> [Data for processing]:
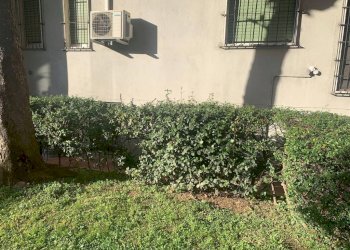 Magazzino Milano (zona Ponte Seveso) - foto 9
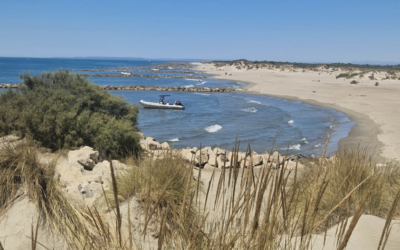 Rejoindre la Paillote de l&rsquo;Espiguette en bateau : une escale incontournable depuis Port-Camargue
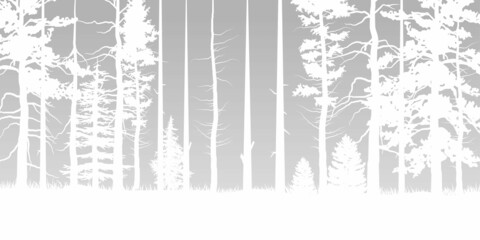 White tree forest background and snowing for winter season concept. Hand drawn isolated illustrations.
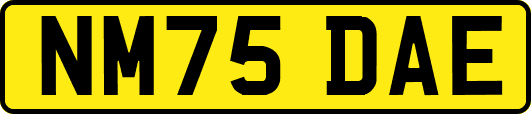 NM75DAE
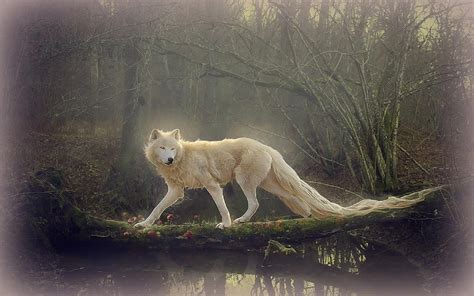 Beautiful White Wolf Wallpaper Nature And Landscape Wallpaper Better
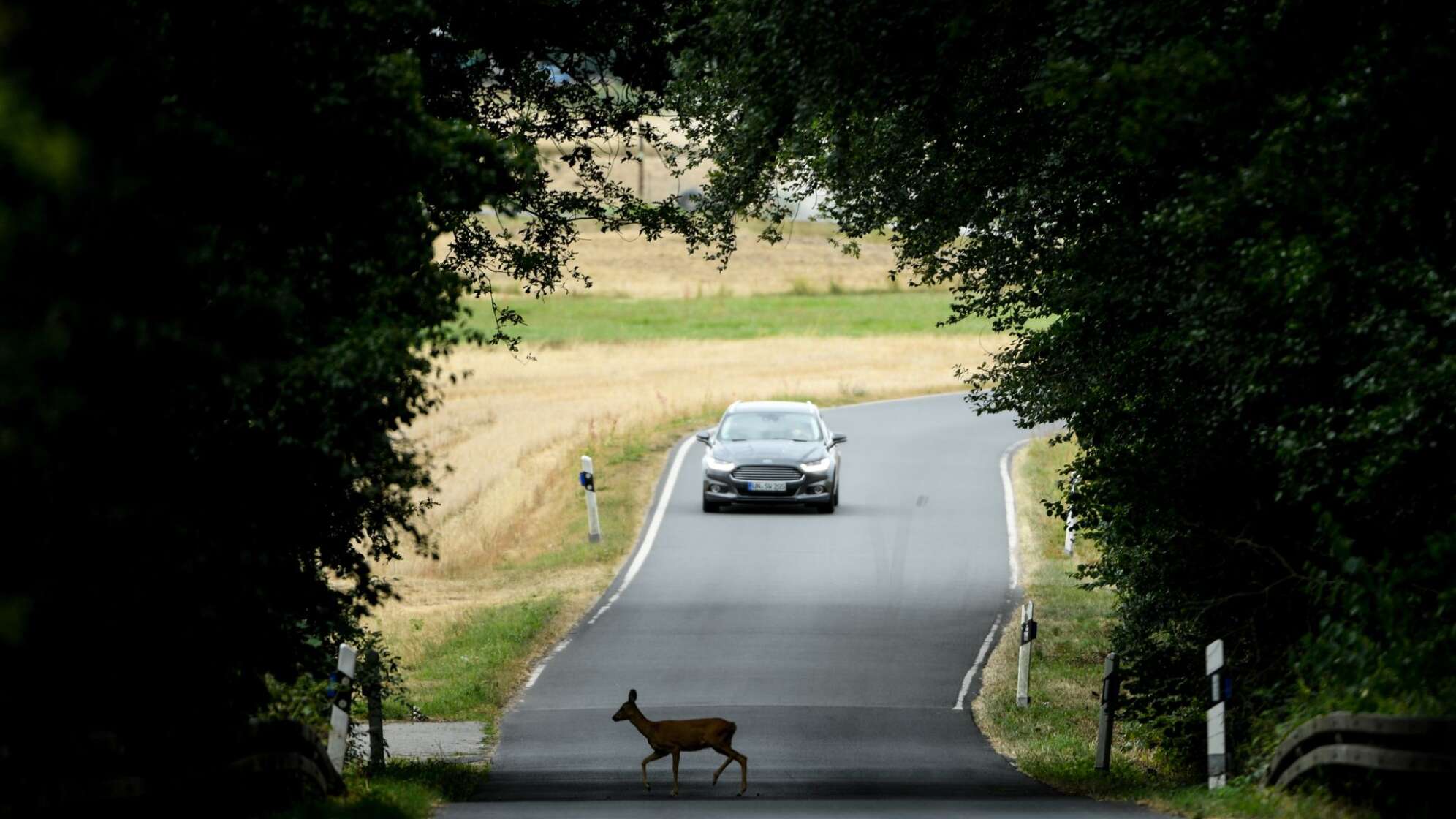 Ein Reh überquert eine Straße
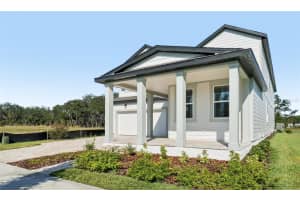 17401 HONEYBELL TANGELO COURT, WINTER GARDEN, FL 34787 - MLS#MFRTB8451532
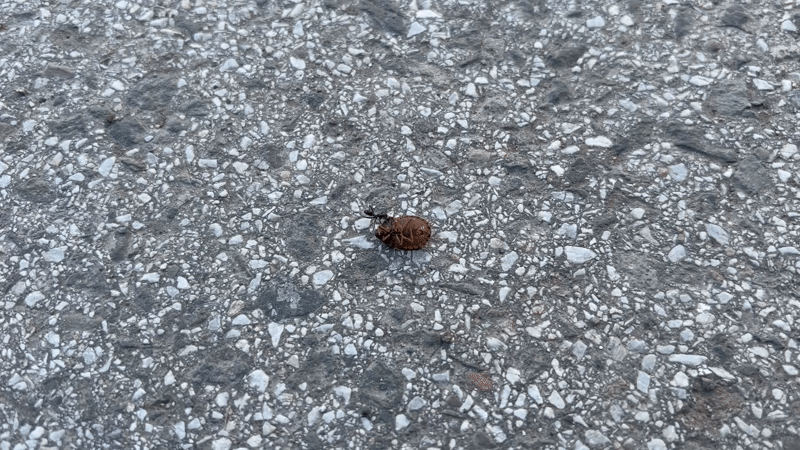Beetle found motionless on asphalt in Burgas, Bulgaria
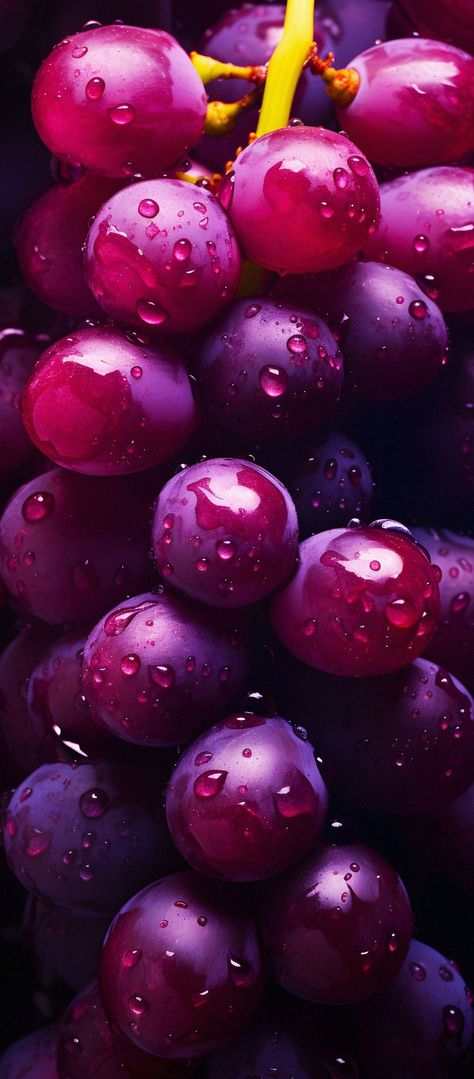 Grape Wallpaper, Drops Of Water, Fruits Images, Fruit Wallpaper, Iphone Wallpaper Hd Nature, Fruit Photography, Food Wallpaper, Beautiful Fruits, Phone Wallpaper Images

> [Required action]: Your answer must be the records exactly as they stand, with no pictures in it.

> [Solution for this task]:
 Magazzino Milano (zona Ponte Seveso) - foto 9
 Rejoindre la Paillote de l&rsquo;Espiguette en bateau : une escale incontournable depuis Port-Camargue
 White tree forest background and snowing for winter season concept. Hand drawn isolated illustrations.
 NM75DAE
 Beautiful White Wolf Wallpaper Nature And Landscape Wallpaper Better
 Ein Reh überquert eine Straße
 17401 HONEYBELL TANGELO COURT, WINTER GARDEN, FL 34787 - MLS#MFRTB8451532
Beetle found motionless on asphalt in Burgas, Bulgaria
 Grape Wallpaper, Drops Of Water, Fruits Images, Fruit Wallpaper, Iphone Wallpaper Hd Nature, Fruit Photography, Food Wallpaper, Beautiful Fruits, Phone Wallpaper Images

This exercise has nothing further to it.